Volkswagen AG agreed Wednesday to plead guilty to three felony counts and pay a $2.8 billion criminal penalty for selling 590,000 diesel vehicles in the United States by cheating on federal and state emissions tests and lying to regulators.
VW also settled civil claims for $1.5 billion brought by the EPA for import violations and the U.S. Customs and Border Protection for customs fraud.
Volkswagen has admitted it lied about emissions tests for about 11 million diesel vehicles world wide.
The German giant agreed in June to spend up to $14.7 billion to resolve other federal and California civil allegations of cheating on emissions tests and lying to customers.
Also Wednesday, a federal grand jury in the Eastern District of Michigan indicted six VW executives and employees for their roles in the cheating scandal.
The six -- Heinz-Jakob Neusser, Jens Hadler, Richard Dorenkamp, Bernd Gottweis, Oliver Schmidt, and Jürgen Peter, all of Germany -- were charged with one count of conspiracy to defraud the United States, to defraud VW’s U.S. customers, and to violate the Clean Air Act.

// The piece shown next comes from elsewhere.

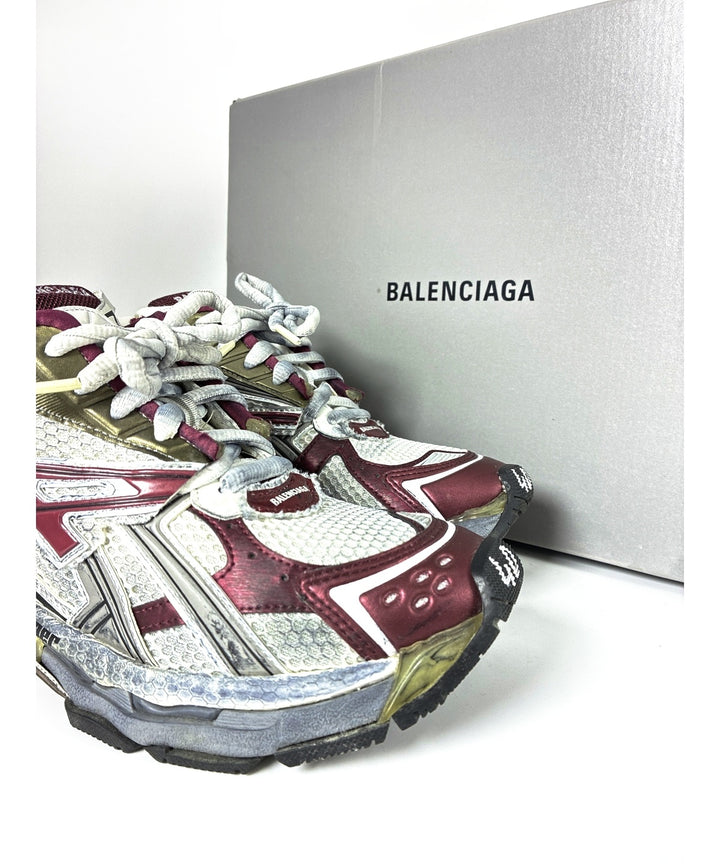BALENCIAGA รองเท้าผ้าใบ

The indictments alleged they made false representations to regulators and the public about the ability of VW’s supposedly “clean diesel” vehicles to comply with U.S. emissions standards.
Neusser, Gottweis, Schmidt, and Peter were also charged with wire fraud.
Schmidt was arrested January 7 in Miami during a visit to the United States. He appeared in federal court Monday.
"The other defendants are believed to presently reside in Germany," the DOJ said Wednesday.
In September, a Volkswagen engineer pleaded guilty to one count of conspiracy to defraud the United States, to commit wire fraud, and to violate the Clean Air Act.
James Robert Liang, 62, of Newbury Park, California, entered his plea in federal court in Michigan. He worked for VW in Germany and the United States.
Liang admitted VW couldn't design a diesel engine to meet U.S. emissions standards. Instead he and other engineers created and installed cheating software.
Volkswagen was also charged Wednesday with obstruction of justice. The company destroyed documents and imported cars into the United States "by means of false statements" about the vehicles’ compliance with emissions limits, the DOJ said.
Under the plea deal, which still needs court approval, VW will be on probation and have an independent corporate compliance monitor for at least three years.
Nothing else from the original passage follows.